> YOUR INSTRUCTIONS:
Give the data again exactly as it appears, excluding any pictures.

> EXERCISE DATA:

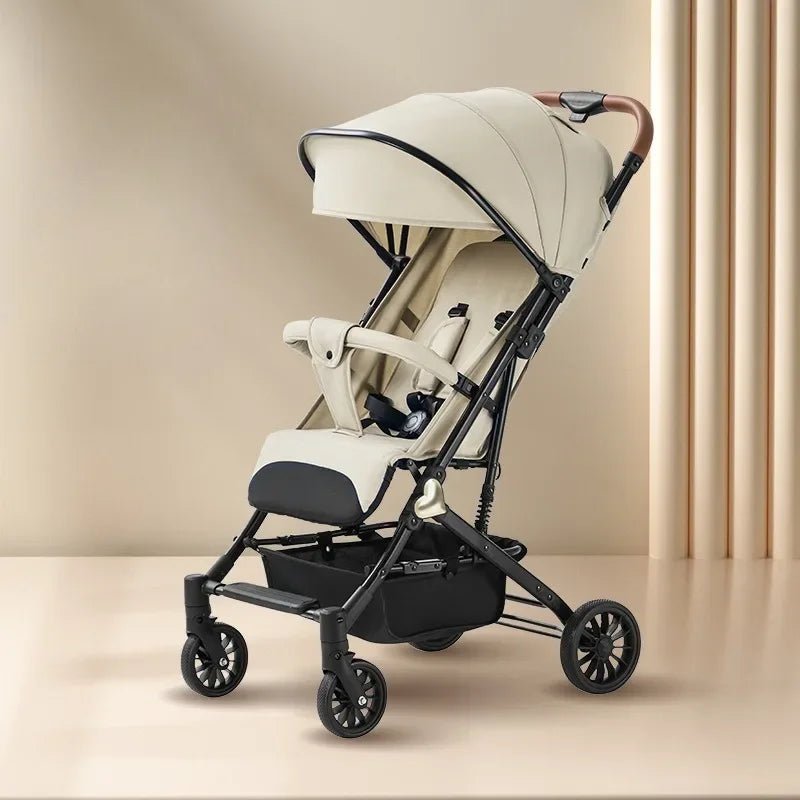 MildlyMama - Lightweight Portable Baby Stroller with Four - Wheel Stability – Versatile for Sitting or Lying Down, Easy to Fold and Store Baby Strollers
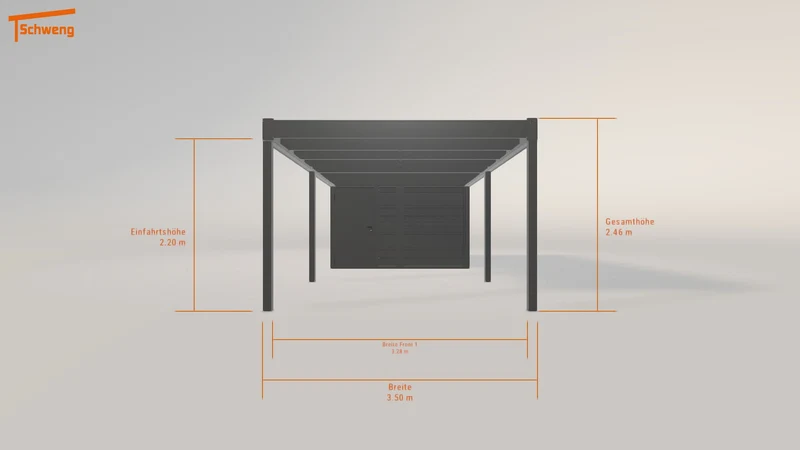 #DE Schweng Flachdachcarport C600 (ID n5dw2j) #MTG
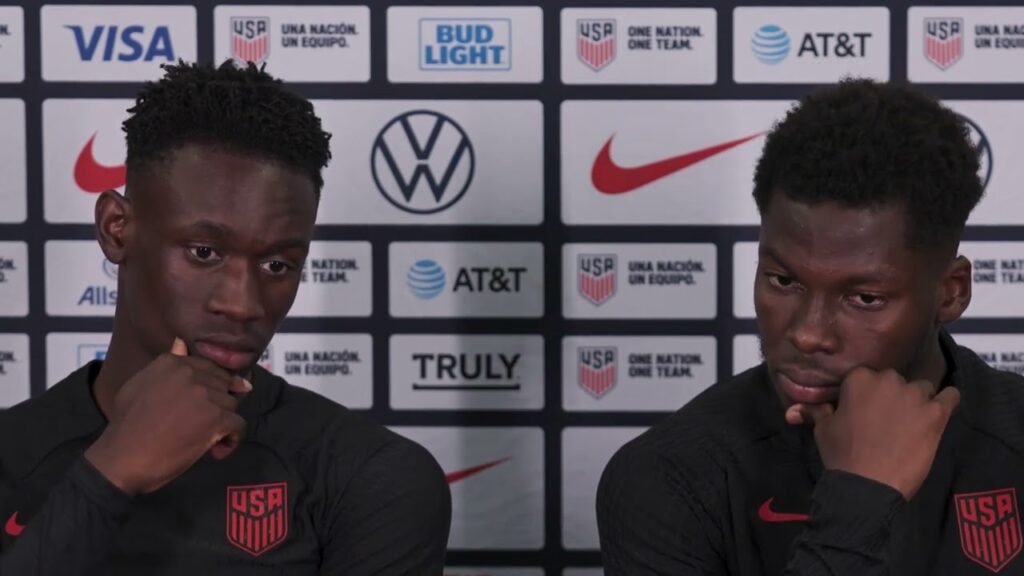 USMNT midfielder Yunus Musah and forward Folarin Balogun talk ahead of the Concacaf Nations League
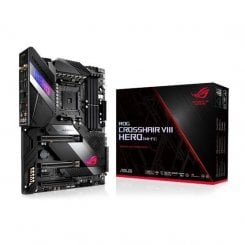 Материнська плата Asus ROG CROSSHAIR VIII HERO (WI-FI) (sAM4, AMD X570) (Відновлено продавцем, 914421)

> ANSWER FOR THIS EXERCISE:
 MildlyMama - Lightweight Portable Baby Stroller with Four - Wheel Stability – Versatile for Sitting or Lying Down, Easy to Fold and Store Baby Strollers
 #DE Schweng Flachdachcarport C600 (ID n5dw2j) #MTG
 USMNT midfielder Yunus Musah and forward Folarin Balogun talk ahead of the Concacaf Nations League
 Материнська плата Asus ROG CROSSHAIR VIII HERO (WI-FI) (sAM4, AMD X570) (Відновлено продавцем, 914421)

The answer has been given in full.